Friday, February 12, 2010

Review: Bome Midi Translator Pro 1.7.1

What is Bome's MIDI Translator? In simple terms, it can be compared to a language translator for MIDI messages. You may only understand English, but your peer can only speak German. You need someone who can translate from German to English and English to German. Bome's MIDI Translator is language independant of course. Instead, it is software produced by Bome to translate to and from MIDI protocol.

The software works with one or more input devices and one or more output devices. Each device can be a hardware device (such as a USB controller or keyboard) or virtual software, such as a program you're using. Essentially, the MIDI Translator can be programmed to intercept messages and take many different actions with them before sending them through to the output device.

The translator can edit the bytes in the MIDI message, completely block the MIDI message, route the message through without any editing, turn the MIDI message into text, or send numerous other commands to your output device.

Bome's Midi Translator can translate high resolution MIDI data into more commonly supported lower resolution data, as seen in DJ Tech Tools Mini Translator. Bome's MT can also create multiple modes of operation, utilizing as many "Shift" modifiers as you have buttons. Stanton's DaRouter demonstrates this well with their SCS.3 System.

Bome's does not replace midi mapping, but it instead acts like a modifier that intercepts the data between your MIDI controller and your MIDI Map in the software. It gives the user full control of their MIDI device's inputs and outputs. Unfortunately, the translator cannot give MIDI functionality to buttons that do not output a signal.

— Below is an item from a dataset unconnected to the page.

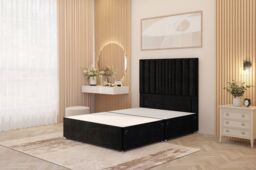 Somnior Alexas Divan 2 Draw Bed Base with Floor Standing Headboard Plush Velvet in Black - Size: Small Double - thumbnail 2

The software is well-designed and simple to use after reading some short tutorials on Bome's website. It does have a MIDI Learn function. However, that does not mean MIDI translating is a simple process. Each project is different since each MIDI message is different. Creating your own MIDI Translator project is like custom programming your own software. You tell it what to do or it doesn't work. Each project is as simple or as complicated as you make it. There are a lot of available rules, translations, and outputs. Intend on investing quite a bit of time in learning how to program your MIDI devices with MIDI Translator. Once you do have a functioning translator project, you'll be amazed at what you can do.. and you'll be wishing you had more hands to operate your devices!

If you are wanting more out of your MIDI devices than what your current software and hardware can provide, I highly recommend Bome's Midi Translator Pro. I must admit that the price tag is a bit stiff for what it is, but it may just be worth it for the mostly bug-free, simple interface.

Download the demo (which has an incredibly annoying 20-minute time limit) to get a better idea of its functionality. I also recommend downloading Bome's SysSX, which displays all connected incoming and outgoing MIDI data. This is great for testing your translator project files.

If you are pretty happy with your current MIDI functionality, this software is probably not worth the trouble to you. I cannot stress enough that it is not for people who want to pick-up and play. It is definitely out there for the people who want ultimate MIDI customization. Keep in mind that this is in ADDITION to your MIDI maps; it does not replace MIDI mapping.

2 comments:

  1. One of the key things that you do need to learn when working with Bome's is how a MIDI message is constructed.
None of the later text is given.